La organización representa
un plus importante; cambia en alguna medida la naturaleza misma del colectivo. Porque
los intereses de los individuos aislados son mezquinos, tienen un radio muy
corto; y en cambio, la actividad social amplía su horizonte y les permite alimentar
mayores ambiciones, acariciar objetivos más complejos y sobre todo más
satisfactorios.
En el ámbito de la
defensa de lo común, tal como explica Aparicio; en ese repliegue fundamental del
sentimiento colectivo, es donde actúa el sindicalismo. Lo hará mejor o peor,
con mayor o menor fortuna, pero ese es en todo caso su terreno, y esa es su
práctica cotidiana. ¿Quién es el sindicalista? Esa persona gracias a la cual
libras los fines de semana. Lo explica Quim, y en el fondo es así de sencillo.
Puesto que la
sociedad cambia, el sindicalismo no puede permanecer inmóvil. La innovación
está en su código genético. Ocurre que las organizaciones arrastran siempre una
dosis de inercia considerable. Los tiempos de reacción son mucho más largos
para una central sindical, pongamos por caso, que para los individuos que la
componen, considerados aisladamente. Vaya lo uno por lo otro: a mayor masa,
mayor lentitud de maniobra. Conviene armarse de paciencia, fijar la vista en
los objetivos últimos y marcar bien las formas y los tiempos para la ejecución
de las maniobras necesarias. Avanzar colectivamente tiene esas pejigueras.
En el II Congreso “Trabajo, Economía y
Sociedad” que acaban de celebrar las CCOO bajo el patrocinio de la Fundación Primero de Mayo,
se ha constatado la necesidad de globalizar el sindicalismo, en respuesta a los
retos mortales que plantea un capitalismo financiero ya sobradamente globalizado.

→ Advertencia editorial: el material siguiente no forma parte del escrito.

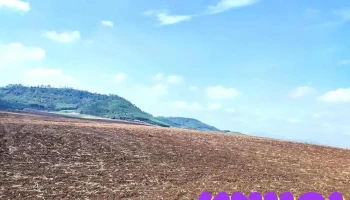 Đồi hoa hướng dương nghĩa đàn - Nghệ An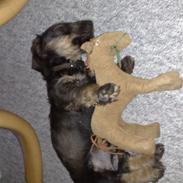 Gravhund Snoopy - SOLGT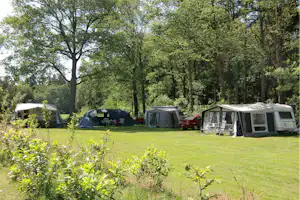Het Buitenverblijf Erve Punte - Blick auf die Standplätze auf der Wiese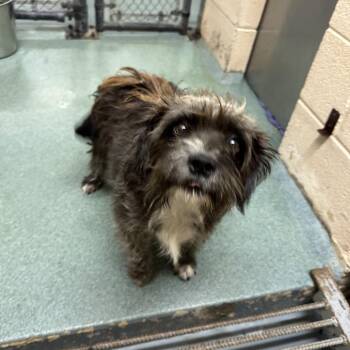 Casserole -  Terrier and Mixed Breed Dog for Adoption in Fairfax Station, Virginia - Casserole | PetCurious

Más que “globalizar”, yo diría que se trata de añadir una dimensión nueva, la
global, a una práctica demasiado encastillada aún en los parámetros del Estado-nación.
No creo que el objetivo sea, entonces, ceder a la CES una parte de la “soberanía”
que ostentan las centrales nacionales, sino más bien dotar a la dimensión
europea de medios, instrumentos, capacidades y atribuciones que en este momento,
o no existen, o se encuentran en una condición mostrenca porque nadie las
utiliza ni las reclama como suyas.
Ahora bien, la innovación
propuesta, para funcionar de la forma adecuada, habrá de impregnar todos los
escalones y todo el amplio recorrido de cada una de las organizaciones
sindicales implicadas. La cosa no se reducirá tampoco a crear una secretaría o
una sección nueva en el seno del viejo aparato. La globalización habrá de estar
presente en la actividad diaria y en la forma de organizarse el sindicato en
todos los niveles, a partir del mismísimo ecocentro de trabajo.